Before Thursday, after Beijing announced that it would investigate the company and remove its services from the Chinese app store, Didi’s share price had fallen by more than 36% from its issue price. With the opening of the New York market, stocks listed in the United States rose by 14%.

Bloomberg Intelligence said this:

In our view, privatizing Didi at or close to its IPO price may be the company’s best way to resolve regulatory issues and appease investors. Privatization will enable Didi to remove regulatory concerns from the public’s view, and may eventually lead to listings in locations that Chinese regulators consider more favorable for sensitive companies such as Hong Kong.

— Matthew Kanterman and Tiffany Tam, analysts

According to the Wall Street Journal, some or most of the funds raised by Didi from investors in the initial public offering can be used to fund the privatization offer. A person in the report said that the company’s price to investors has not yet been determined, but it may be close to or higher than the IPO price of $14 per share. The company has started considering a privatization plan in mid-July.

The Wall Street Journal quoted one of the people familiar with the matter as saying that the China Cyberspace Administration of China supports the privatization plan in principle.

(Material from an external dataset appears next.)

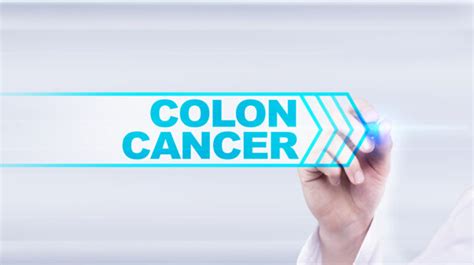 Colon Cancer Screenings What You Should Know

The person familiar with the matter said that SoftBank Group is unlikely to provide funding for the transaction. Representatives of Didi, SoftBank, CAC and the bank did not immediately respond to the Wall Street Journal’s request for comment.

Bloomberg reported last week, citing people familiar with the matter, that regulators are weighing a range of possible penalties, including fines, suspension of certain businesses or the introduction of state-owned investors. Didi’s US stocks may also be forced to delist or withdraw, although it is not clear how this choice will proceed.

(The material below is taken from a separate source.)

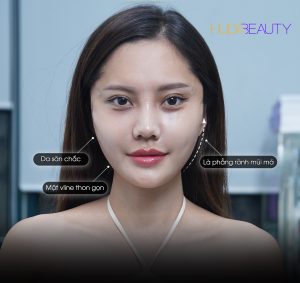 Căng Chỉ Má Chảy Xệ Có Hiệu Quả Không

People familiar with the matter said that regulators largely support the idea of ??an IPO, but since at least April, they have expressed concerns about Didi’s data security practices. People familiar with the matter said they urged Didi to ensure its data security before conducting an IPO, or to move its location to Hong Kong or mainland China where disclosure risks are lower. They said that although regulators have not explicitly prohibited the company from listing in the United States, they believe that Didi does understand the official instructions.